Si tu hijo te cuenta que está siendo víctima de acoso es muy importante que mantengas la calma. Escúchale con atención y sin interrupciones. Evita juzgar su comportamiento porque, probablemente, esa ha sido la única manera en la que ha podido actuar ante esa situación. Olvídate del «deberías haber hecho esto o aquello». Tu función no es juzgar a tu hijo sino el hacerle saber que puede contar contigo para corregir esa situación. Tu hijo debe sentir que estáis ahí para apoyarle y ayudarle de forma incondicional. Como padres podéis hacer cuanto esté en vuestra mano por reforzar su autoestima, hacer que se valore y respete a sí mismo. Puede ser conveniente coordinar vuestros esfuerzos con los del centro educativo. En ese caso y, dependiendo de la edad del niño, consensuaremos con él si prefiere comunicar la situación a alguien de su confianza dentro del colegio o si quiere que le acompañemos y seamos nosotros quienes expongamos la situación. La calma, la objetividad, la asertividad y la recopilación de toda la información posible serán clave a la hora de comunicar nuestros temores al colegio y respaldarlos con datos útiles y fidedignos.

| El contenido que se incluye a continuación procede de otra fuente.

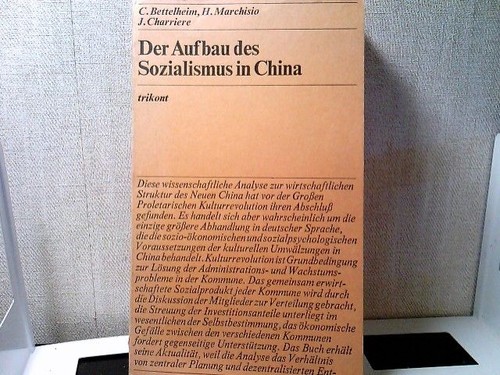 Der aufbau des sozialismus - aufbau,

Si no conseguimos que nuestro hijo nos cuente lo que le está pasando, hemos de dejarle saber que para nosotros es importante hablar sobre el tema y aconsejarle dónde puede buscar ayuda y a quién recurrir (probablemente no sabe cómo actuar). Y, por supuesto, hacerle sentir que cuenta con nuestro apoyo incondicional. Compartir nuestra sospecha con el tutor o tutora o preguntarle a algún amigo puede ayudarnos a recabar más información pero, en cualquier caso, nuestra actuación debe ser siempre discreta y respetuosa con la intimidad de nuestro hijo.